Menurutnya, kepercayaan atau keyakinan tentang bangsa Jawa yang besar ini sudah ada dari dulu sampai sekarang.
Seperti yang diketahui, Keraton Agung Sejagat ini sempat menghebohkan masyarakat.
Pasalnya keberadaan Keraton Agung Sejagat dianggap meresahkan warga sekitar.
Hal tersebut berawal dari Keraton Agung Sejagat mengadakan acara wilujengan dan kirab budaya, yang dilaksanakan dari Jumat (10/1/2020) hingga Minggu (12/1/2020).

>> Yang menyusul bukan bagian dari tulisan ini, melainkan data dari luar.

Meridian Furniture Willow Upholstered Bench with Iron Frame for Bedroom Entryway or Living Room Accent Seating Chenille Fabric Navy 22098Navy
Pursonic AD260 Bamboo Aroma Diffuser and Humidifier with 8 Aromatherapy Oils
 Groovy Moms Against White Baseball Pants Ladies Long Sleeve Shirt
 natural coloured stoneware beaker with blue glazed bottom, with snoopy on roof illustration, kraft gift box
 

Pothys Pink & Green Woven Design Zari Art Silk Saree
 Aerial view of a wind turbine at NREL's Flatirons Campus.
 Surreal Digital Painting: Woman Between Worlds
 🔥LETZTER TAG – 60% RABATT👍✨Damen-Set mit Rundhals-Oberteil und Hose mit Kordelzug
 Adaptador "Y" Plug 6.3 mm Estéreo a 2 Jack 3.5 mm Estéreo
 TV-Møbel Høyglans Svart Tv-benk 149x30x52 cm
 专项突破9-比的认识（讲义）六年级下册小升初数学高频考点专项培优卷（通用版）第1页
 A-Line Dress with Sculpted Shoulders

Keraton Agung Sejagat dipimpin oleh seseorang yang dipanggil Sinuwun yang bernama asli Totok Santosa Hadiningrat dan istrinya yang dipanggil Kanjeng Ratu yang memiliki nama Dyah Gitarja.
Selain itu, Penasihat Keraton Agung Sejagat, Resi Joyodiningrat, menegaskan, Keraton Agung Sejagat bukan aliran sesat seperti yang dikhawatirkan masyarakat.
Dia mengatakan, Keraton Agung Sejagat merupakan kerajaan atau kekaisaran dunia yang muncul karena telah berakhir perjanjian 500 tahun yang lalu, terhitung sejak hilangnya Kemaharajaan Nusantara, yaitu imperium Majapahit pada 1518 sampai dengan 2018.
Perjanjian 500 tahun tersebut dilakukan oleh Dyah Ranawijaya sebagai penguasa imperium Majapahit dengan Portugis sebagai wakil orang Barat atau bekas koloni Kekaisaran Romawi di Malaka pada 1518.
Jodiningrat menyampaikan, dengan berakhirnya perjanjian tersebut, maka berakhir pula dominasi kekuasaan Barat mengontrol dunia yang didominasi Amerika Serikat setelah Perang Dunia II.
Menurut dia, kekuasaan tertinggi harus dikembalikan ke pemiliknya, yaitu Keraton Agung Sejagat sebagai penerus Medang Majapahit yang merupakan Dinasti Sanjaya dan Syailendra.